=== HOW TO COMPLETE THIS TASK ===
Go to the line with "Chrome Base Contemporary" in the entries below and write out every line from there through the line with "old photo of students outside on steps", exactly and without pictures.

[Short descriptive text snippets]
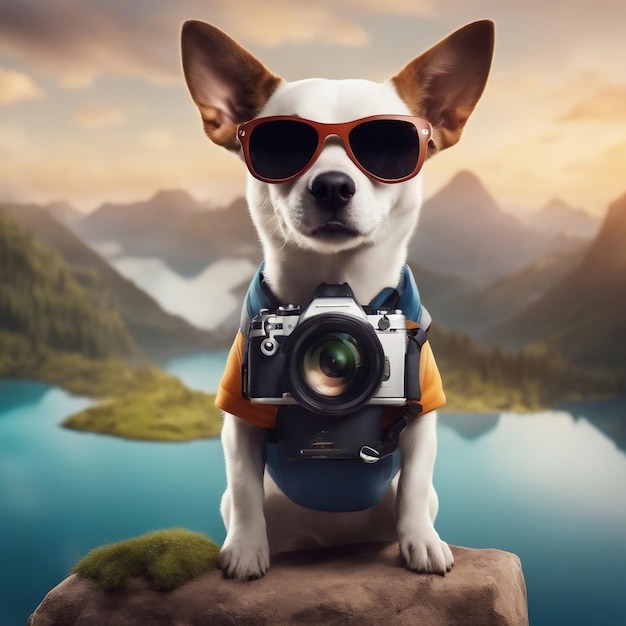 Pies w okularach przeciwsłonecznych jako szczęśliwy turysta pozujący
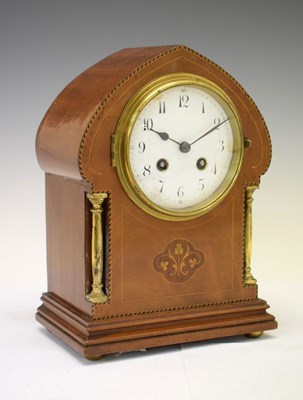 Lot 532 - Edwardian mahogany inlaid mantel clock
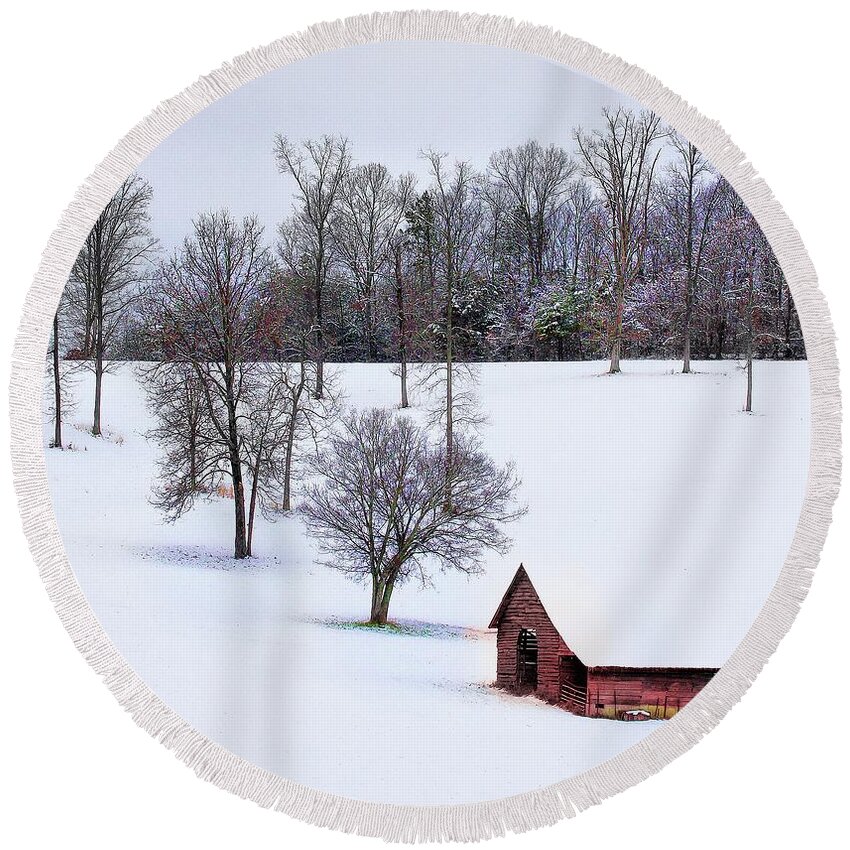 Snow Round Beach Towel featuring the photograph All is calm... by Rick Lipscomb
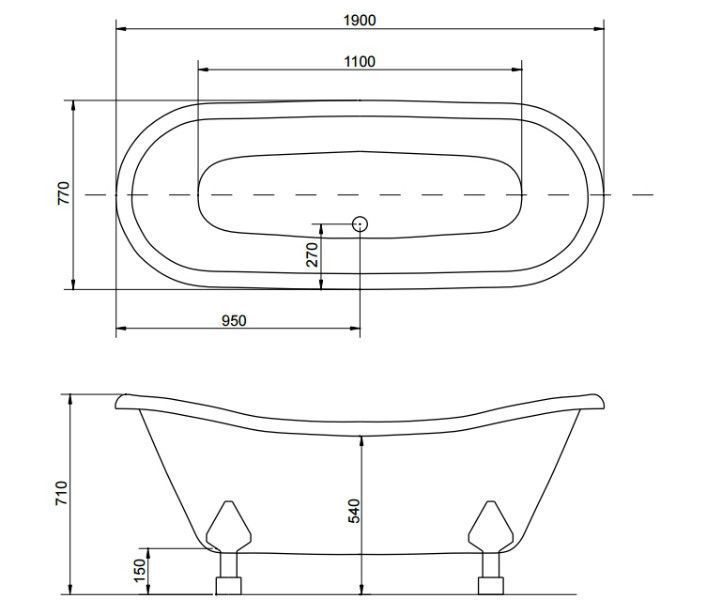 Ванна акрилова Besco Amelia 190x77 (WKA-190WO+B) окремостояча з білими ніжками 371242 фото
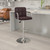 Contemporary Brown Quilted Vinyl Adjustable Height Barstool with Arms and Chrome Base Contemporary Brown Quilted Vinyl Adjustable Height Barstool with Arms and Chrome Base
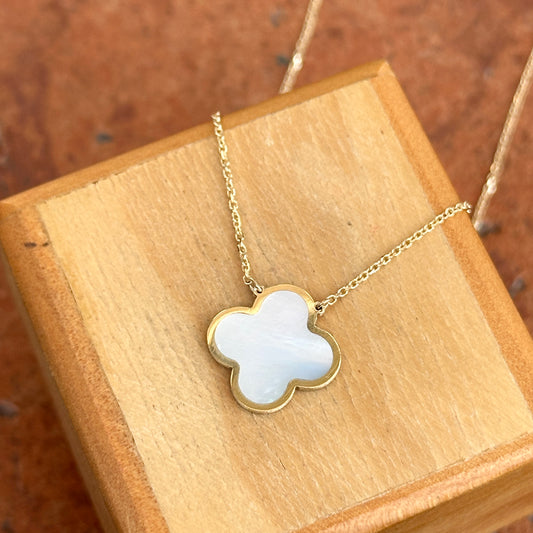 14KT Yellow Gold 14mm Mother of Pearl Clover Chain Necklace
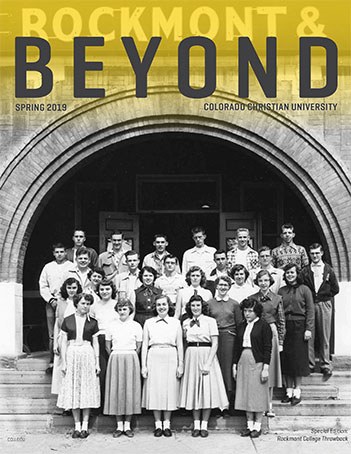 old photo of students outside on steps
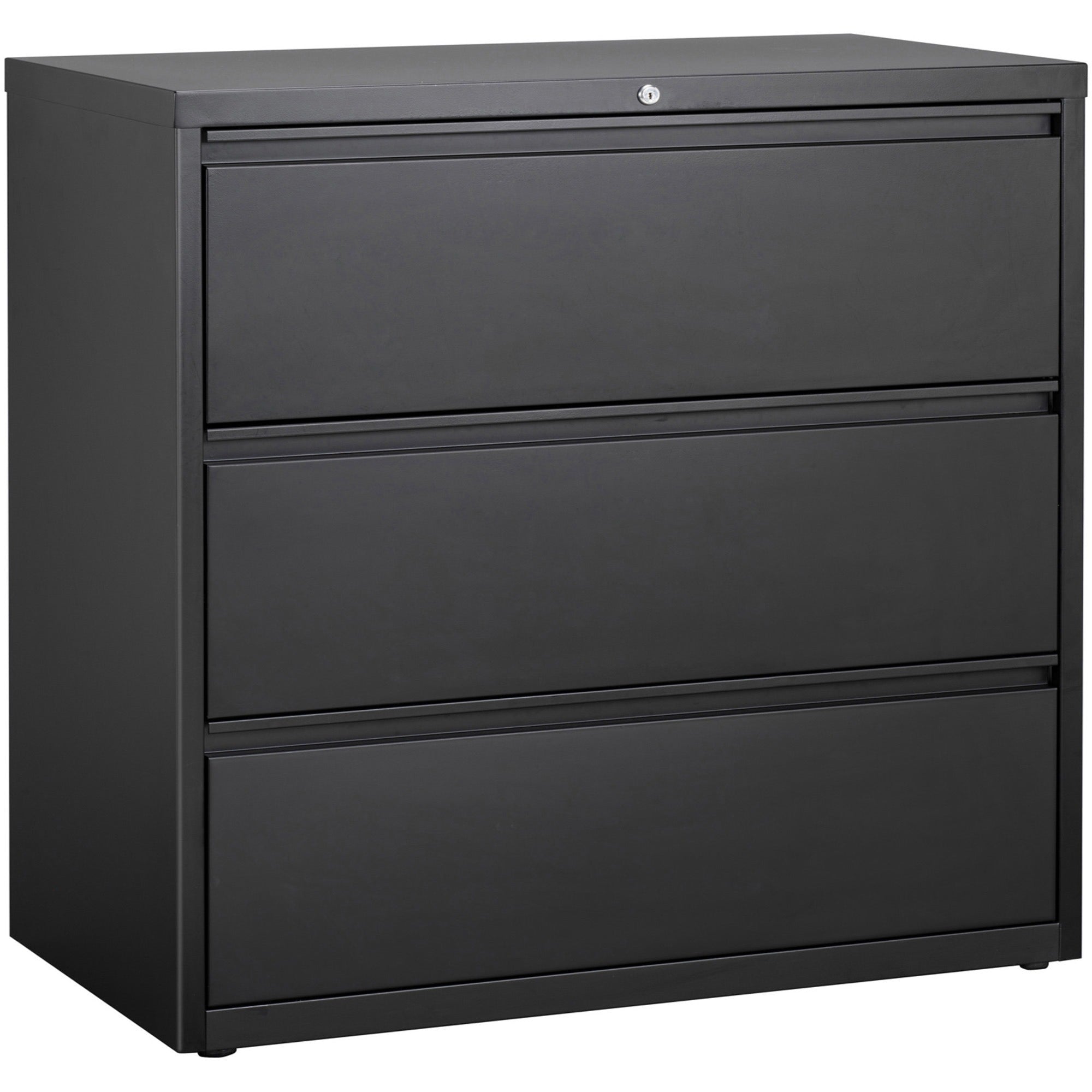 Lorell Fortress Series Lateral File - 42" x 18.6" x 40.3" - 3 x Drawer(s) for File - Letter, Legal, A4 - Lateral - Locking Drawer, Magnetic Label Holder, Ball-bearing Suspension, Leveling Glide - Black - Steel - Recycled -
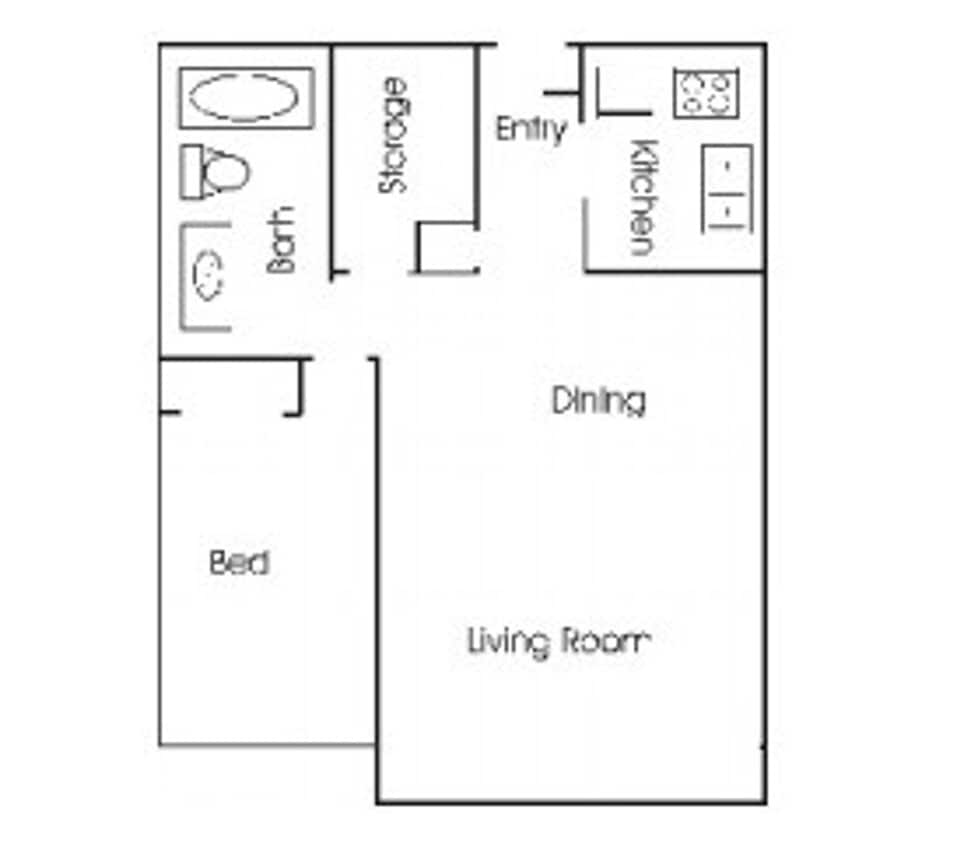 Floor Plan - 1 Bed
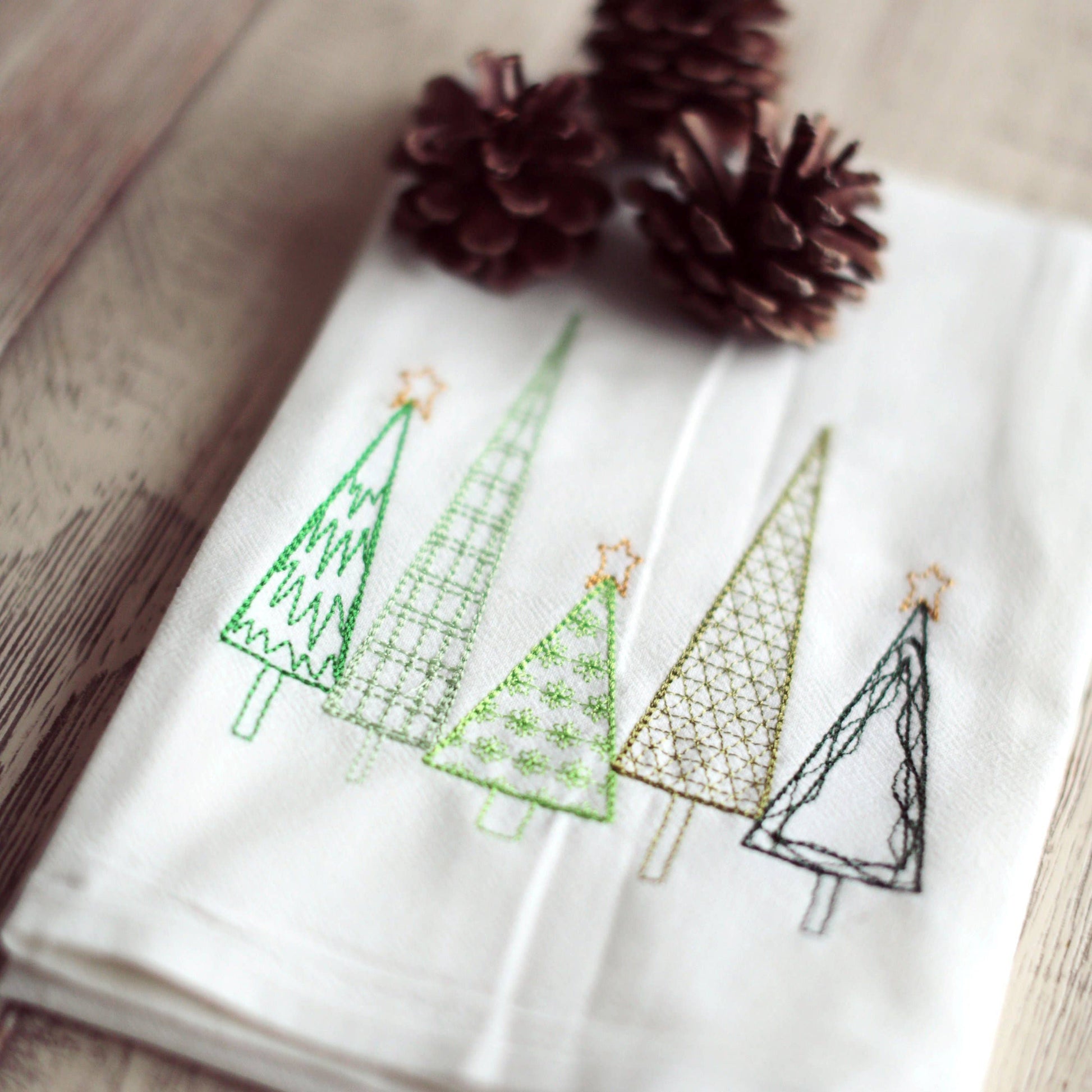 SewMuchMoreStore - Winter Christmas Trees Tea Towel Embroidered - Holiday Decor: Varigated Green / HANGING HOOK SewMuchMoreStore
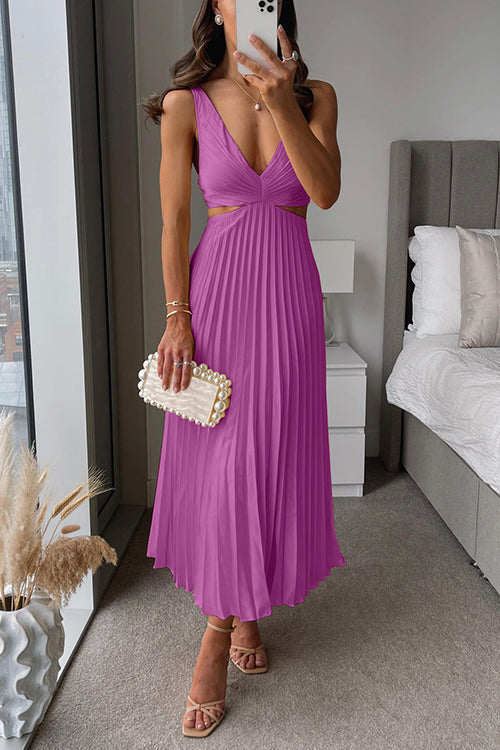 Bridget | Women's Satin V Neck Midi Dress with Side Cutouts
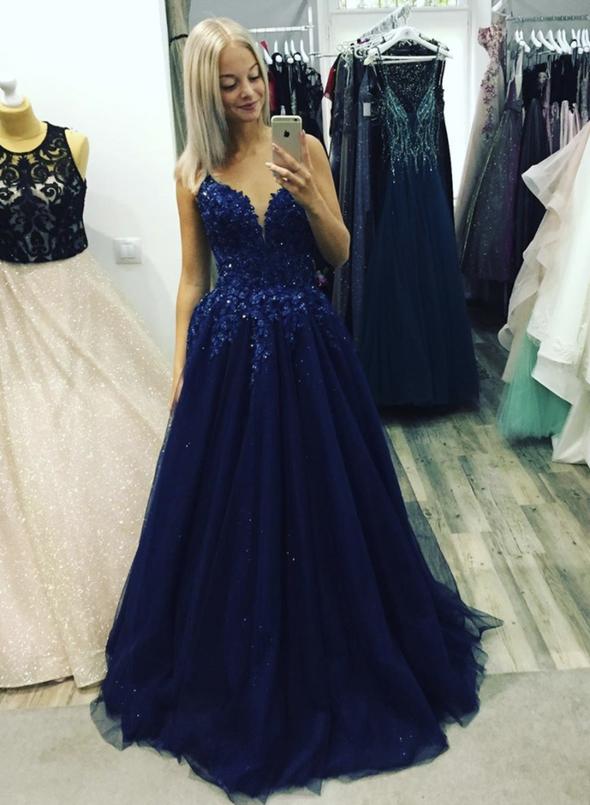 Blue v neck tulle lace long prom dress evening dress cg12177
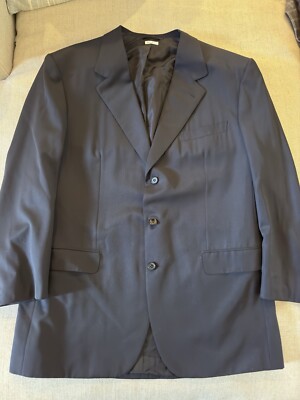 Brioni Made in Italy 3 Button Notch Lapel Jacket in Midnight Navy 46 L Augusto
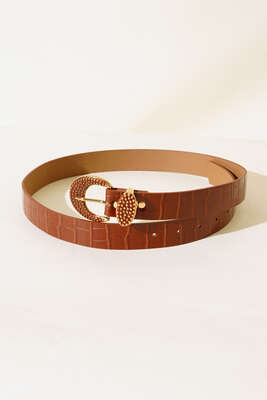 Pazarium - Metal Tokalı Kroko Kemer Taba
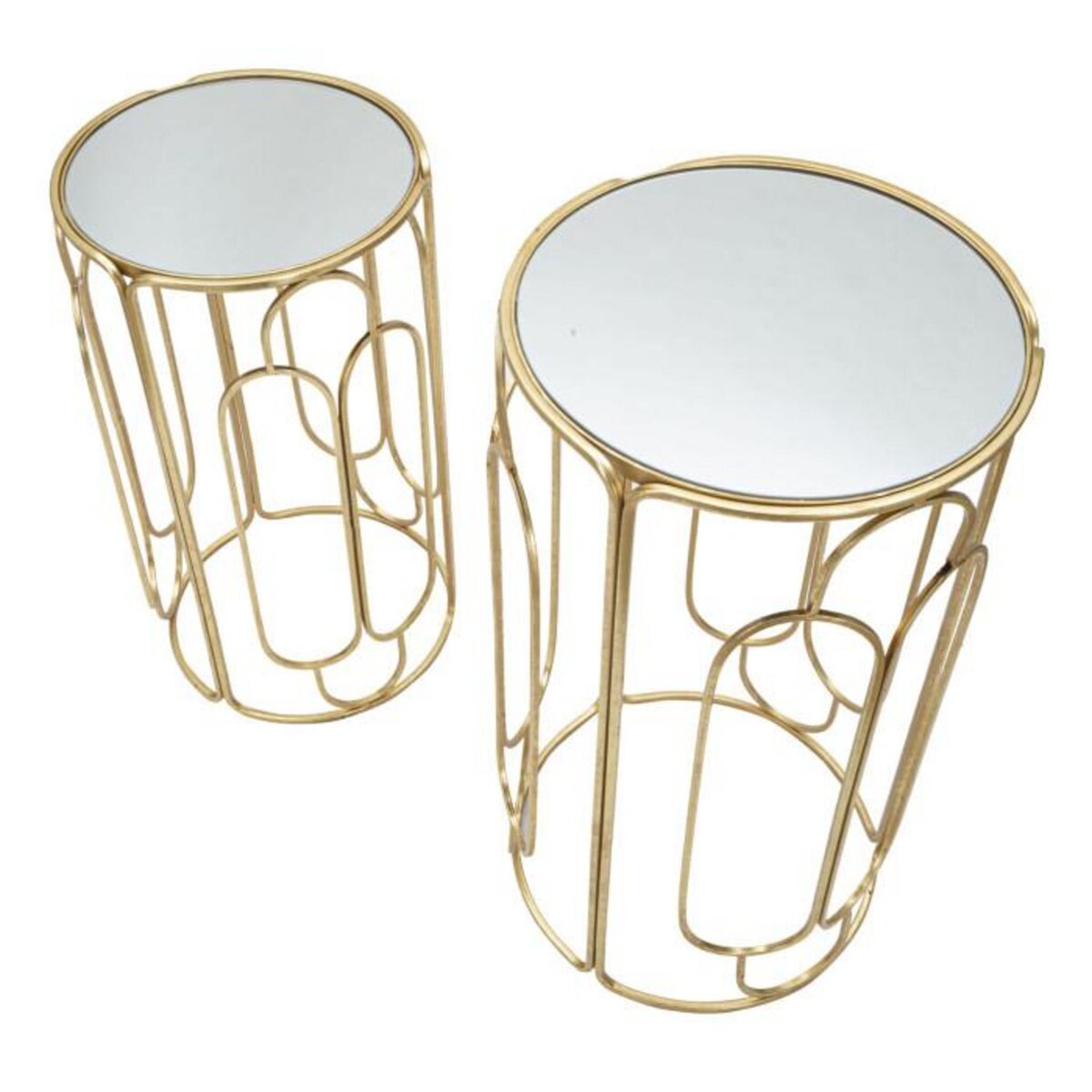 Paris Prix Lot de 2 Tables d'Appoint Gigogne Ronde  Arty  70cm Or
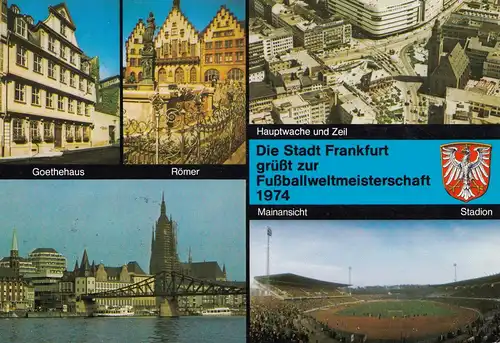 1974: Ansichtskarte Frankfurt Main zur Fußball WM - Werbeausstellung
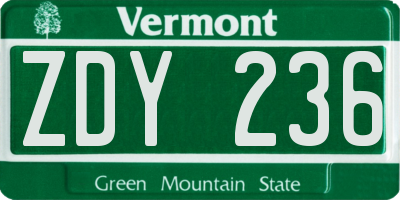 VT license plate ZDY236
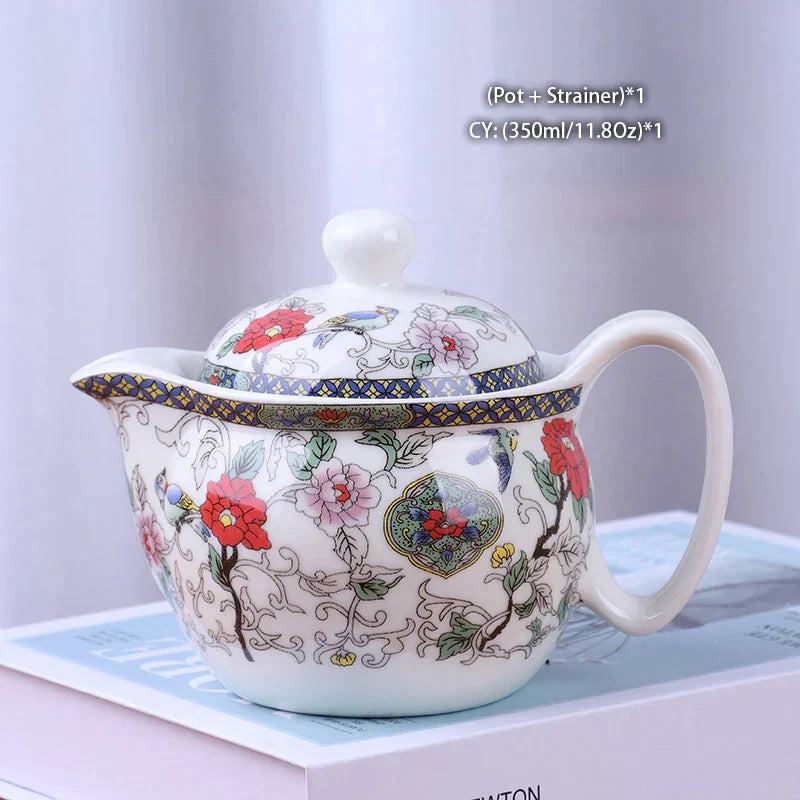 DecorBites™ Dragon Teapot Tea Set, Porcelain Kung Fu Teaware for Puer Oolong Ceremony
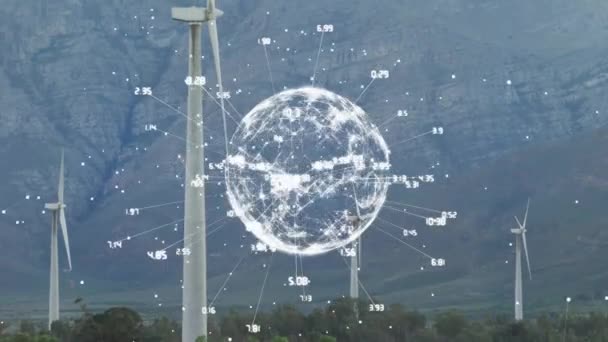 Animatie Van Het Netwerk Van Verbindingen Hele Wereld Windturbines Wereldwijde — Stockvideo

=== RESULT ===
 Contemporary Brown Quilted Vinyl Adjustable Height Barstool with Arms and Chrome Base Contemporary Brown Quilted Vinyl Adjustable Height Barstool with Arms and Chrome Base
 14KT Yellow Gold 14mm Mother of Pearl Clover Chain Necklace
 old photo of students outside on steps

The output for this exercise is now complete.